If a JavaScript function makes AJAX calls to server-side code, then client-side and server-side code are treated as a combined function. Abstract syntax trees are constructed both for the client-side functions and for the server-side function. While it is not possible to automatically convert code from one language to another, it is possible to construct ASTs for JavaScript handler and callback, as well as for the server-side code, and to replace AJAX request node with a subtree that describes the server-side source code. Resulting AST would describe client-side code together with server-side code and could be represented as one function with a set of arguments. Given a function that emulates behavior of the web application problem of the test generation could be treated as a reachability problem and exiting tools to discover test data could be applied.
The rest of this paper is organized as follows. Section II contains a brief overview of the existing approaches and tools for web applications testing. In Section III the proposed approach is presented. Detailed AST generation and postprocessing is given in Section IV. Section V tells about
developed and utilized tools that automate described approach. An example of the code where presented approach could be useful is presented in Section VI. Section VII describes current limitations of the approach and gives an overview of the future research plan.
II. Related Work
There are number of approaches and tools aimed at testing web applications, but none of them is able to automatically generate tests cases that would test the web application as a whole. Existing tools are designed to test some part of the application but not the web application as a whole, which consists of an GUI, client-side JavaScript, server-side code and some tricky interaction between these parts. In the proposed approach we make an attempt to combine different existing tools functionality and to create a framework that would be able to test web application as a whole and to generate test cases automatically. Current section describes existing tools, state their pros and cons and briefly explain how some of these tools would be utilized in the proposed approach.
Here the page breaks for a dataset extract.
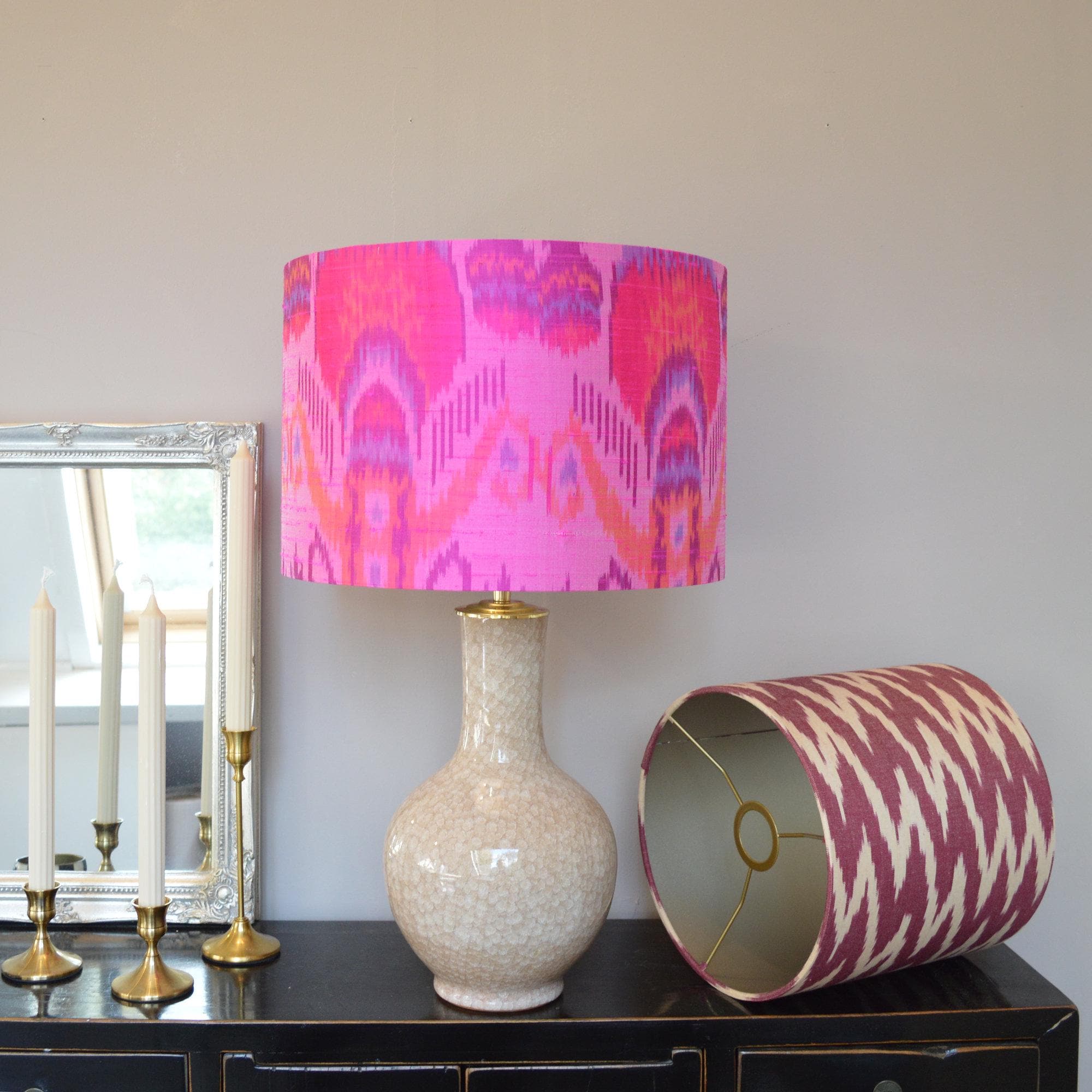 Tafellamp Oud Roze grote Lampenvoet Kristal glazuur keramiek, Luxe Verlichting voor eclectisch interieur | Lauren S Lampen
Web application is usually an event driven system where user generates events. Selenium[1] and Sahi[2] tools could be used as a driver that provides facilities to emulate user interaction with a web page, that include filling out forms with user input and mouse clicks. These tools can be used to play given sequence of actions, but not to generate these sequences. Manual generation of these sequences could be useful for regression testing but it is impossible to achieve high code coverage using them manually. In proposed approach we generated these sequences automatically and utilize Selenium tool to execute generated test cases.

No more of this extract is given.